The cat leaves a nasty scratch on a waiter’s hand on the way out — a mark that seems like a soft kiss compared to what it will do later that night. After locking eyes with her in a tunnel, it lethally stalks a young woman (Margaret Landry) coming home from a misguided grocery-store visit demanded by her domineering mother. The attack is unquestionably the work of the disturbed animal. But whether subsequent killings — all of young women belonging to the town’s Mexican community — are also the work of a creature unusually more homicidal than hungry isn’t as clear.
The Leopard Man isn’t much longer than an hour; narratively, it doesn’t overly complicate the murder mystery it establishes. But like much of the other horror handiwork from the men responsible for it — director Tourneur and producer Val Lewton — it nonetheless distinguishes itself from other throwaway genre fodder. Its sensitivity and quality-mindedness put it in league with movies of the era that had been bequeathed with more resources and prestige. Like Tourneur and Lewton’s other collaborations, Cat People (1942) and I Walked with a Zombie (1943), The Leopard Man makes you overlook its lack of budget by generating pulse-quickening thrills through a canny use of shadow, paucity of music, and surprising amount of compassion.
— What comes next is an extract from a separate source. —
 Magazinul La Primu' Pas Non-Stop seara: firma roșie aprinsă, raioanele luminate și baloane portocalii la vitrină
The way The Leopard Man approaches its stalk-and-slash sequences foreshadows the slasher movies that later peaked in popularity in the 1980s. But unlike how its spiritual successors tended to, the movie sees its victims as something more than disposable, going to great lengths to establish its doomed roundelay of women as people who, in life, had the sorts of desires and anxieties that are often cast aside in victim narrativizing. We see one wake up on her birthday morning, lit angelically by the sun that streams in through her bedroom windows. Her family awakens her with a bouquet of fresh flowers; she can hardly contain her excitement to meet up with her boyfriend later. Another, drawn with a lovable personality and appreciable talent, is frank about her financial anxieties and unmoving loyalty to the lower-class family that relies on her to get by.
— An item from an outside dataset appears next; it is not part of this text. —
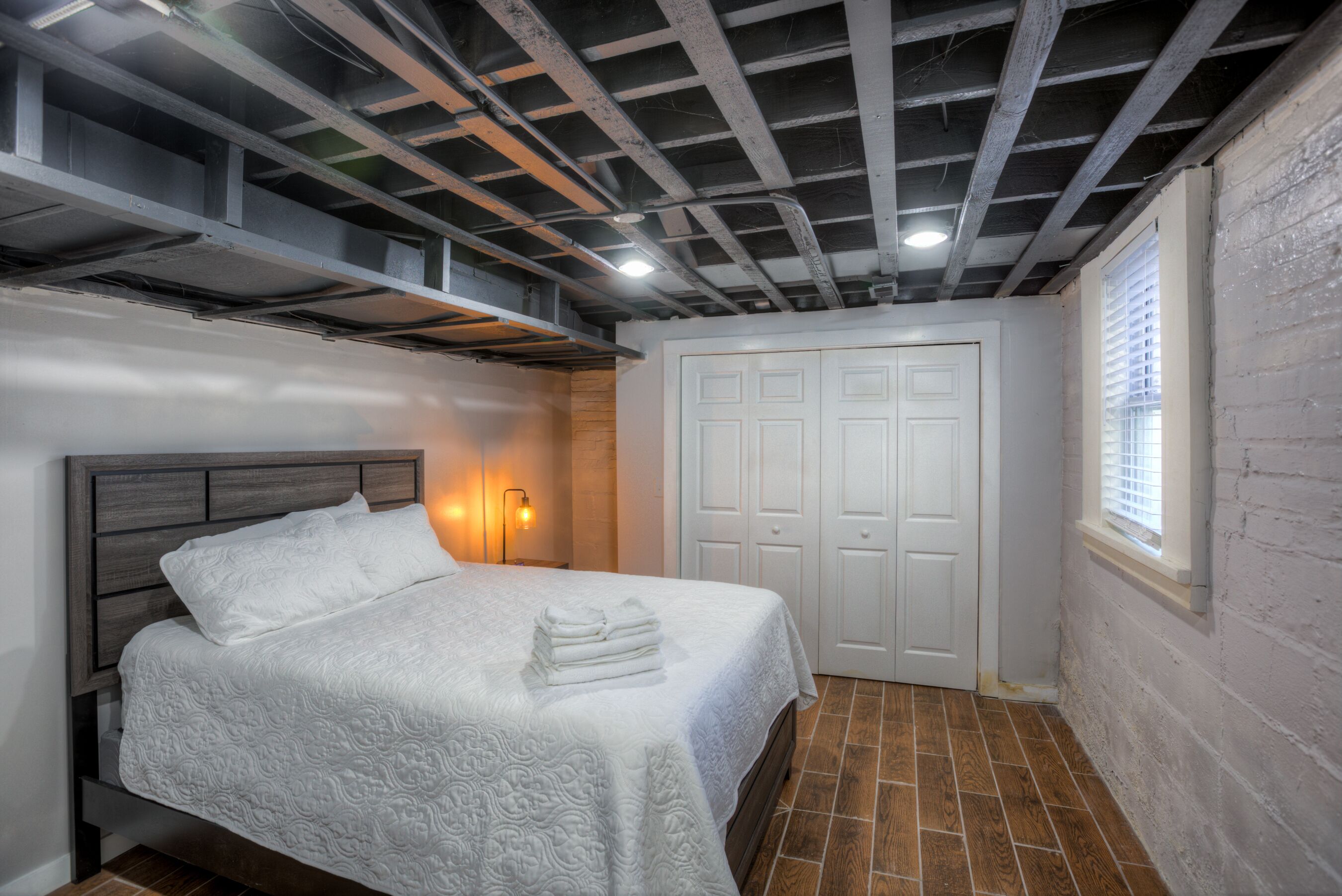 Ein Schlafzimmer mit einem Bett, einem Kleiderschrank und einem Fenster mit Jalousien.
Lewton’s work in horror wasn’t confined to his collaborations with Tourneur. His run in the 1940s producing genre movies more broadly is now legendary. He used look-at-me titles like The Body Snatcher (1945) and Isle of the Dead (1946), less-than-$150,000 budgets, and followed through with beautifully made works whose stories consistently could be read allegorically for larger societal problems — a trait that is, of course, discernible in the horror genre’s most lasting products. (The Leopard Man, whose setting is explicitly acknowledged to have an ugly colonial history and which sees real-time deaths of people of color as both directly and obliquely the fault of self-interested white people, evokes white supremacy’s corrosiveness.) Lewton died, prematurely, of a heart attack only a few years after his years-long stint in horror faded; the seriousness with which he took a regularly disrespected genre ought to be continually aspired to.